When any of these happens, before shutting down the VM the kernel dumps on disk a trace of log messages (printed by both the user application and the kernel).
At the next boot, the radar
klib detects the log dump and sends it to the radar server as a crash report.
The value of the "id" field of a crash report is the same as the "boot id" (sent right after each boot), so that a crash can be unequivocally associated to a boot.
Note: The log dump is saved in a section of the disk that is being carved between stage2 and the boot filesystem.
The information sent looks like this:
POST /api/v1/crashes HTTP/1.1
Host: radar.relayered.net
Content-Length: 213
Content-Type: application/json
Radar-Key: RADAR_KEY_xyz
{
"bootID":1234,
"nanosVersion":"0.1.45",
"opsVersion":"master-dc83aee",
"imageName":"RADAR_IMAGE_NAME_xyz",
"dump":"en1: assigned 10.0.2.15\nen1: assigned FE80::2885:1DFF:FE7E:9D71\nProcess crash message in here\n"
}
Note: In order for the submission to be considered successful, radar server needs to respond with a "specific" confirmation message, otherwise the crash dump submit will be attempted over and over.
The 'special_files' klib provides a set of pseudo-files that are Nanos specific.
In particular the config below will populate the path of
/sys/devices/disks
with the name of each disk attached with the volume
name and UUID of the disk:
{
"RunConfig": {
"QMP": true
},
"Klibs": ["special_files"],
"ManifestPassthrough": {
"special_files": {
"disks": {}
}
},
"Mounts": {
"bob": "/bob"
}
}
You can test this behavior with the below program:
package main
import (
"fmt"
"os"
"time"
)
func main() {
for i := 0; i < 30; i++ {
body, err := os.ReadFile("/proc/mounts")
if err != nil {
fmt.Println(err)
}
fmt.Print(string(body))
body, err = os.ReadFile("/sys/devices/disks")
if err != nil {
fmt.Println(err)
}
fmt.Print(string(body))
time.Sleep(2 * time.Second)
}
}
This functionality provides similar lsblk like functionality you might find on linux, however, different cloud providers do not put the same uniquely identifiable information into the serial/id of the device so we implemented this instead.

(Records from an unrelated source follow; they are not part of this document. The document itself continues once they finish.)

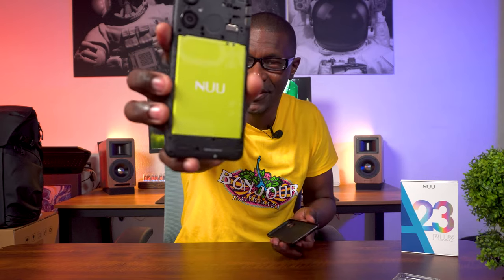And before we even get into anything else, I want to show you something. When is the last time that you saw a phone that could do this? You can also do this. Newbie is doing it, man — they're bringing us back. You won't get these anymore. Let's talk about this thing and what it has to offer.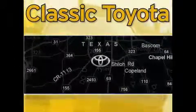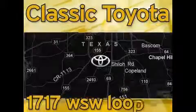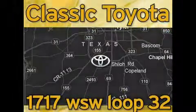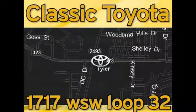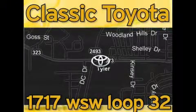Classic Toyota is located at the intersection of Old Jacksonville and Loop 323, across from the Brookshire's warehouse and Home Depot. Our goal is to exceed all of your expectations and to ensure that you'll return for future visits.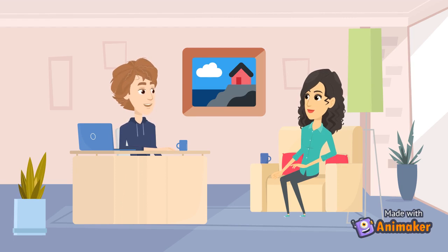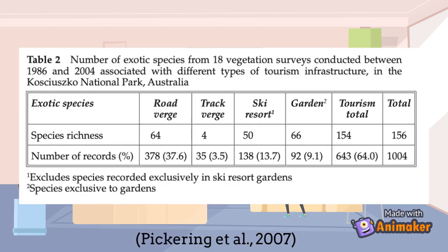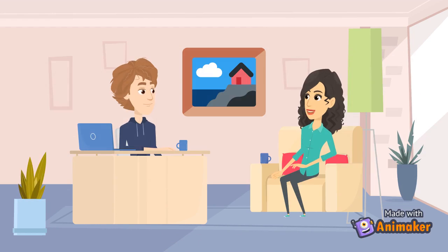This figure shows a park in Australia where there is a higher diversity of exotic plants on roads, edges of trails, and in ski resorts. Areas high in tourism, like this national park, show how invasive non-native plants get tracked into these areas. Let's go outside to our garden and see if any invasive plants have made their way into our yard.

If you can point your app at a syslog we encourage you to do that:
https://nanovms.com/dev/tutorials/logging-go-unikernels-to-papertrail
However, if you have no control over the application than you can direct Nanos to use the syslog klib and it will ship everything over.

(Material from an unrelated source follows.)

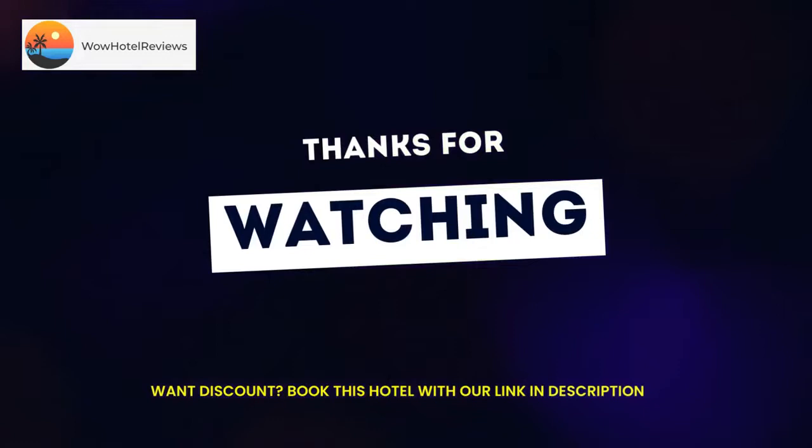Use our link in the description to get a special discount on this hotel. Don't forget to like and subscribe to our channel.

Just pass in the desired syslog server along with the syslog klib in your config.
If the "IMAGE_NAME"
environment variable is present, it is used to populate the APP_NAME
field in syslog messages,
while the program
name is used as a fallback.
For example, if running locally via user-mode you can use 10.0.2.2:
{
"Env": {
"IMAGE_NAME": "app-name-in-syslog-msg"
},
"ManifestPassthrough": {
"syslog": {
"server": "10.0.2.2",
"server_port": "514"
}
},
"Klibs": ["syslog"]
}
If you need the logs to be also stored in a file:
{
"Env": {
"IMAGE_NAME": "app-name-in-syslog-msg"
},
"ManifestPassthrough": {
"syslog": {
"server": "10.0.2.2",
"server_port": "514",
"file": "/tmp/sys.log",
"file_max_size": "8M",
"file_rotate": "9"
}
},
"Klibs": ["syslog"]
}
If you are running on Linux you can use rsyslogd for this. By default rsyslogd will not listen on UDP 514 so you can un-comment the lines in /etc/rsyslog.conf:
module(load="imudp")
input(type="imudp" port="514")
and restart:
sudo service rsyslog restart
also you can disable the dupe filter or add a timetstamp to skirt around that.
The tun
klib is used to create TUN interfaces, namely network TUNnel, that simulate a network layer device operating in layer 3 of OSI Model carrying IP packets.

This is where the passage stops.